No ano passado, a ANPD soltou uma decisão cautelar (Despacho nº 20/2024) proibindo temporariamente a Meta de usar dados, mesmo os públicos, pra treinar seus modelos. A bronca era justamente sobre o risco de que esses dados pudessem ser sensíveis — tipo informações sobre saúde, religião, orientação sexual, opinião política, e por aí vai.
Mesmo que a Meta tenha apresentado um plano de conformidade e a decisão tenha sido revertida depois, o alerta ficou: a ANPD adotou uma leitura bem rígida e ampliada do que são dados sensíveis, o que pode causar insegurança jurídica pra quem trabalha com inovação e tecnologia.
Segundo a LGPD (Lei Geral de Proteção de Dados), certos dados são oficialmente considerados sensíveis — como os biométricos, de saúde, de orientação sexual, entre outros. E quando um dado entra nessa categoria, as regras de uso são bem mais restritas. Por exemplo: as empresas não podem usar o argumento do “legítimo interesse” pra tratar esse tipo de informação — e esse é justamente o pilar de boa parte das operações com dados hoje em dia.
No caso da Meta, a ANPD argumentou que, como qualquer usuário pode postar o que quiser na plataforma, é possível que apareçam dados sensíveis nas publicações. E mesmo que a empresa não use essas postagens pra identificar ou tirar conclusões sobre esses dados, só essa possibilidade já foi suficiente pra ANPD dizer “não pode”.
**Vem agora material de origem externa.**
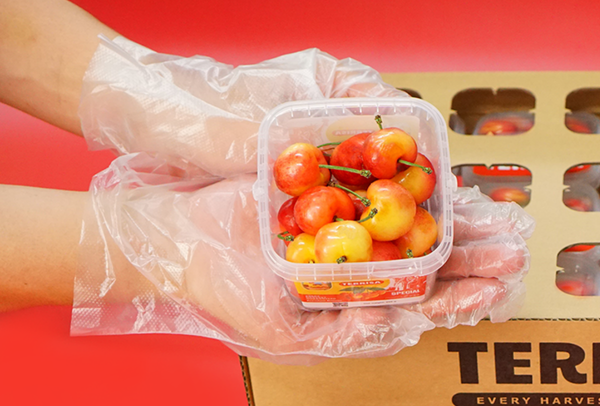 TERRISA Special Rainier U.S.A. Cherries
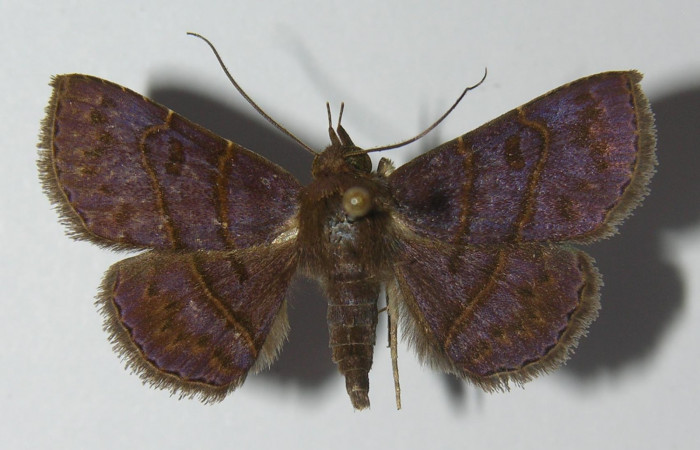 Fig.8 Adulto <i> Antiblemma herilis</i></i>  dorsal. macho. Voucher: 11-SRNP-32226-DHJ557202.jpg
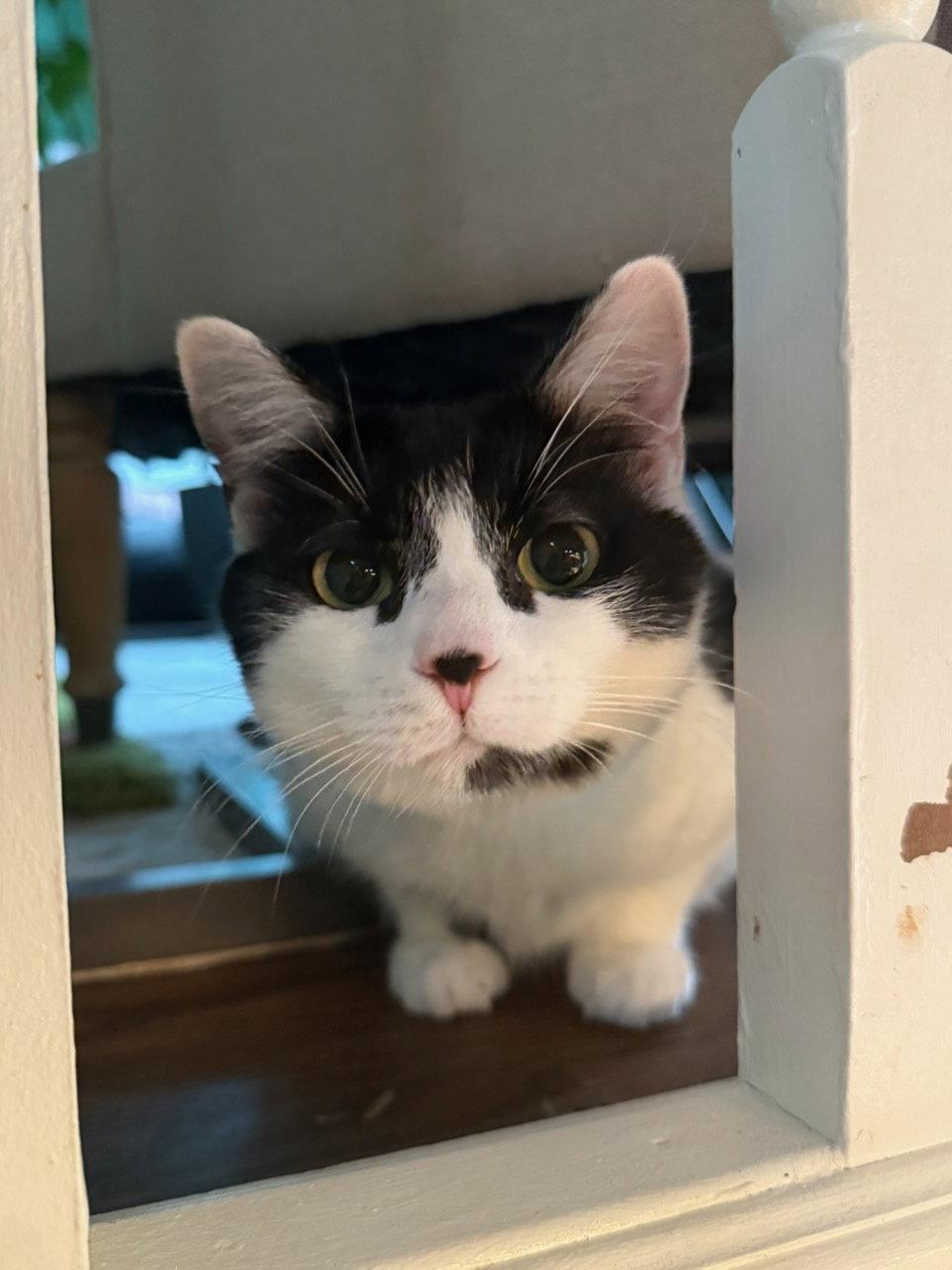 Priscilla, a Adoptable Domestic Short Hair in Reston, VA image 2/3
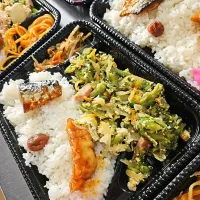 ゴーヤーチャンプルー弁当| 景子さん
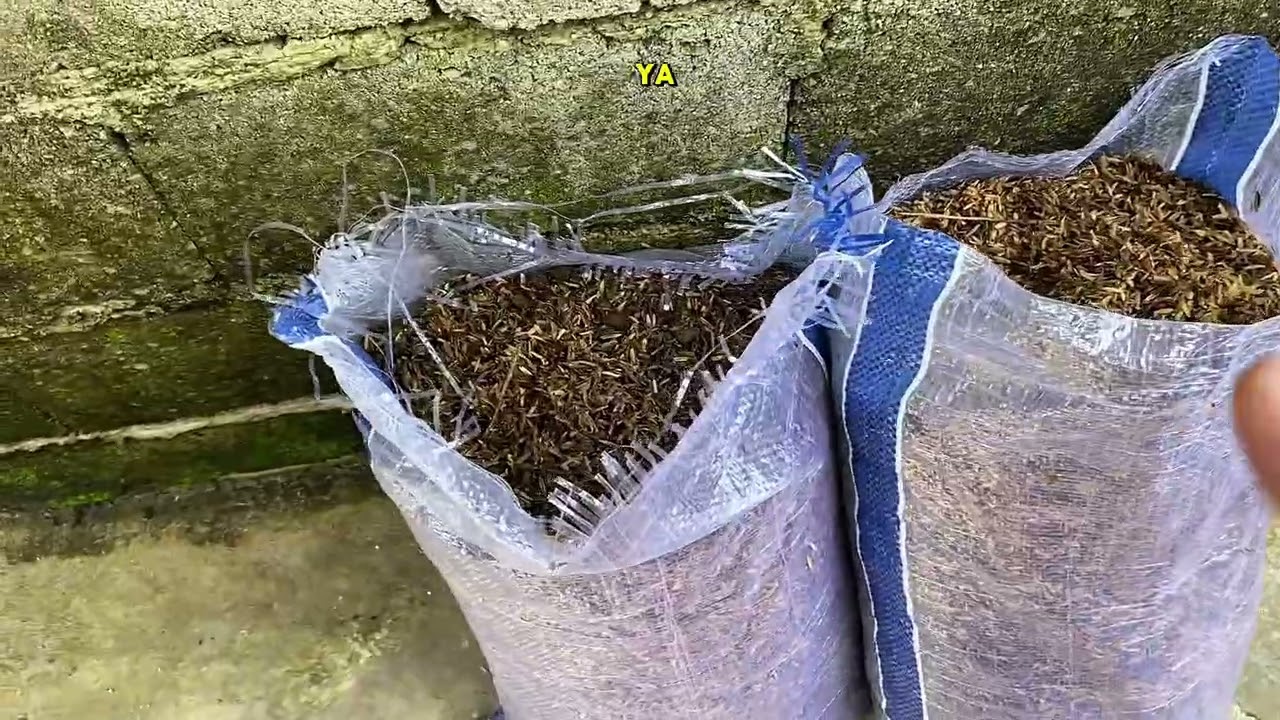 Sekam fermentasi untuk media tanam #fypシ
O problema é que esse tipo de interpretação amplia tanto o conceito de “dado sensível” que começa a perder o foco. Se uma simples foto de alguém usando óculos ou com o braço enfaixado já for tratada como dado de saúde, sem nem olhar pra intenção de uso, a gente corre o risco de banalizar a proteção desses dados — e aí, quando a situação for realmente séria, essa proteção pode acabar sendo menos efetiva.
No universo da IA, isso é ainda mais complicado. Pra IA generativa funcionar bem, ela precisa ser treinada com uma montanha de dados. E, na maioria das vezes, não importa se a informação é de fulano ou ciclano — o que interessa é o padrão de comportamento, o contexto, o conteúdo em si. O modelo não quer saber se o Luís é advogado e usa óculos, mas sim como advogados da área de tecnologia atuam no geral.
Os avanços que vimos nos últimos anos só foram possíveis graças a esse tipo de treinamento. Quanto mais dados, melhor o modelo consegue aprender — e menos enviesado ele tende a ser. Ou seja, na prática, os dados pessoais acabam sendo descartáveis nesse processo.
Então fica a pergunta: será que vale mesmo restringir tanto o uso de dados, a ponto de barrar o desenvolvimento de IA no Brasil? A proteção de dados é, sim, um direito fundamental. Mas inovação e tecnologia também são valores constitucionais. E o desafio é justamente equilibrar esses dois lados.
Essa conversa é ainda mais importante agora, com a Comissão Especial da Câmara dos Deputados analisando o projeto de lei que pretende regular a inteligência artificial no Brasil (PL 2338/23). Vai ser esse projeto que pode definir as regras do jogo por aqui.
Resumindo: proteger os dados é essencial, mas travar o avanço da IA por medo de interpretação exagerada não parece o melhor caminho. É hora de ajustar essa balança com cuidado — e bom senso.